Busy
Been working more to finish up my stuff before it's time to go. Yesterday I zoned out again for a good two hours at work where I just did about nothing and then got back to work. I hope my new job will be easier to stay on track. It's better if I have defined goals so that I can tell if I am being productive or not.
Still staying sober, but feel like very little else has changed. I might not be drinking for the time yet I'm dissociating instead. Concerned this is what they mean by "dry drunk" - still going through the same thought patterns that lead to drinking with only pure willpower keeping one back. My emotions seem to have flatlined; have felt pretty numb for past few days except after workout when I get short term endorphins.
However have some tools in SMART recovery if I get around to reading them. Using both types of meetings for motivation. AA meetings are more often but they pretty much just talk about their past drinking days, which makes my cravings worse just after the meeting. Might use one of those phone numbers I got from guys there to find out what the deal is with that.
SMART meetings are more rational. We talk about how our week went and then talk about some of the tools to use against cravings. It's a new skill to learn, and learning new things is probably the one thing I love more than drinking. In a way it's also why I like being around kids in that in a similar sense I always learn something new interacting with them. Adults tend to have ritualized ways of interacting that repeat with less variation, so it's less interesting.
Yet people are people. It's not anything that we lose as we grow up; we only learn to hide it behind the shell of socially approved behavior.

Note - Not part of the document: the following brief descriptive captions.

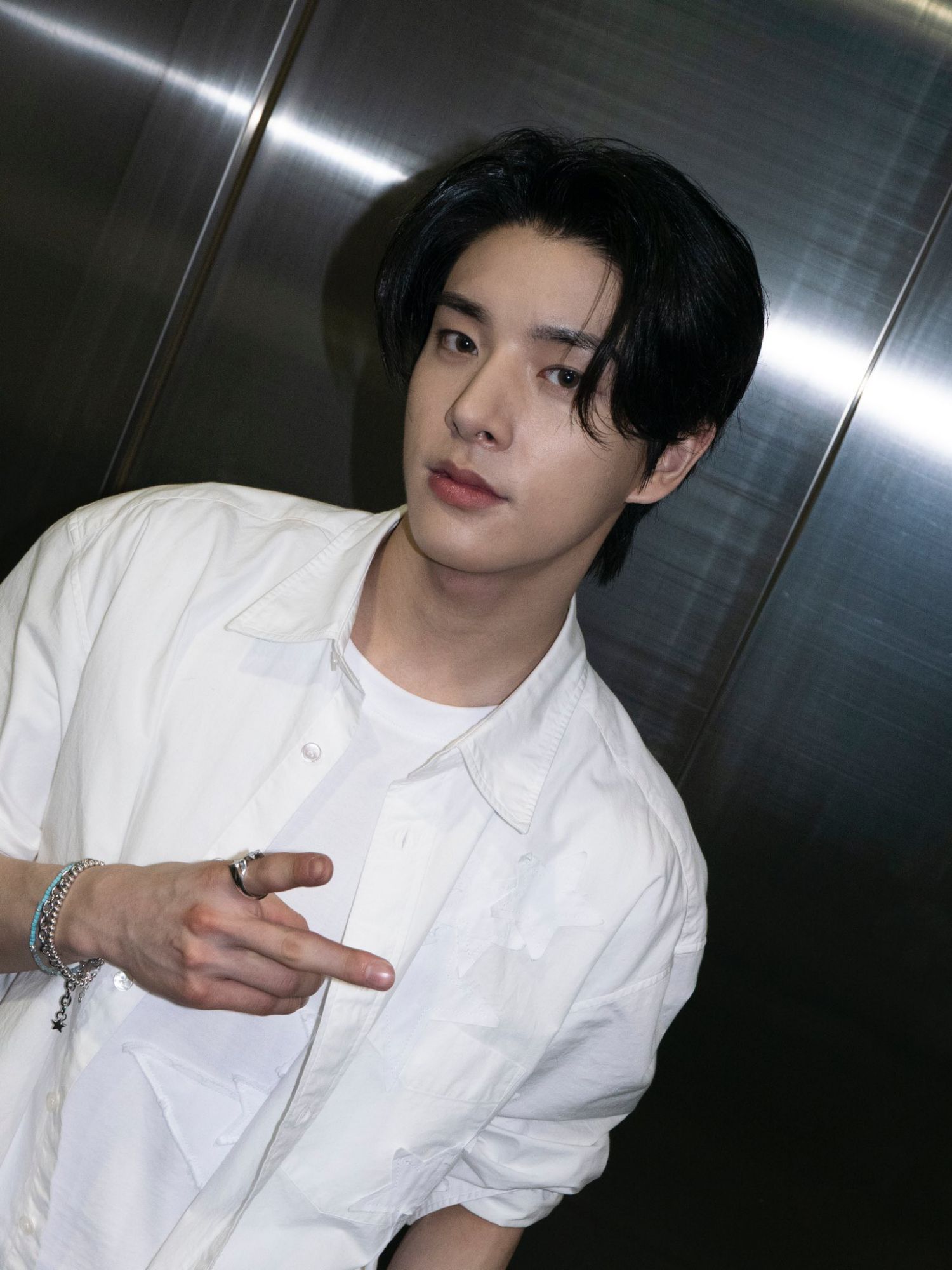 Foto aktivitas terbaru Jake (ENHYPEN)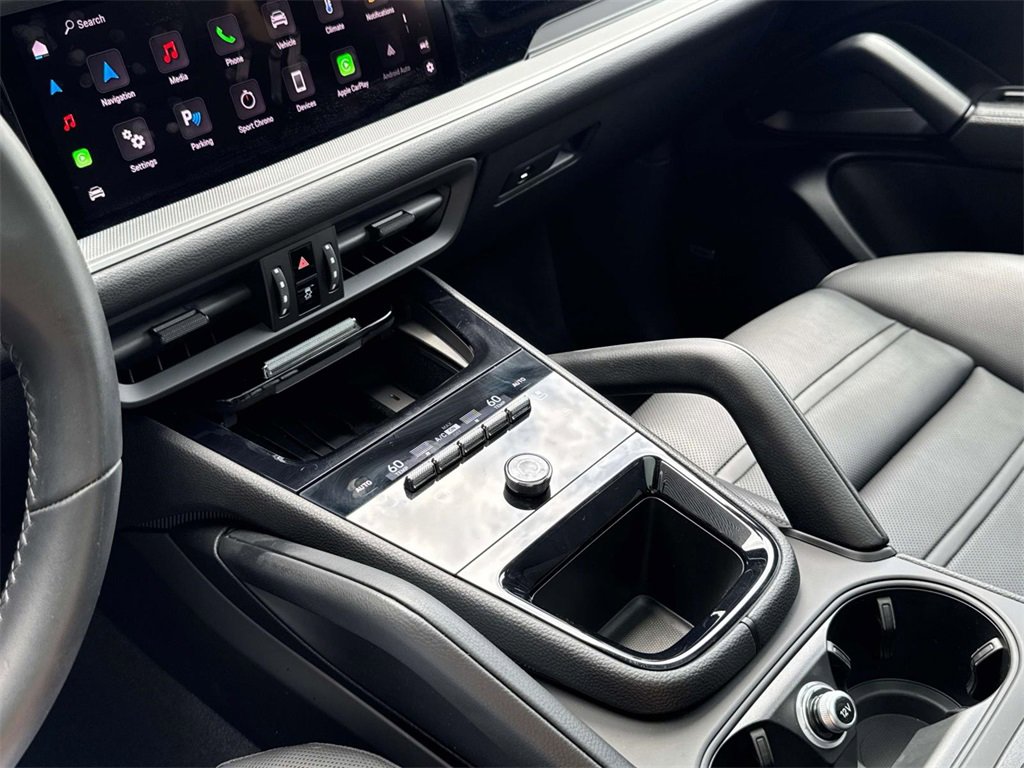 Certified 2025 Porsche Cayenne S image 24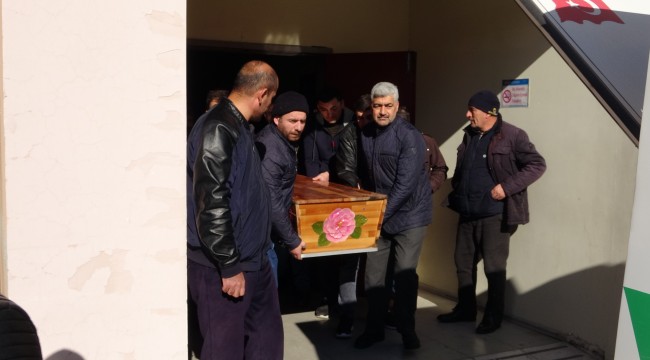 Endoskopi için ayakta geldiği hastaneden cenazesi çıktı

In that sense I think everyone is young at heart, or rather the term young at heart is a misnomer. Perhaps the term is more realistically understood as we are all of the same nature at heart, but the young, and the very old, are less prone to dissimulate. Not being a parent though I am not qualified to speculate on that point, but I can conclude that interactions with adults and with children both tap the same skill set except with an additional layer of negotiating relative social status in the case of adults. People are weird. No wonder they have driven me nuts.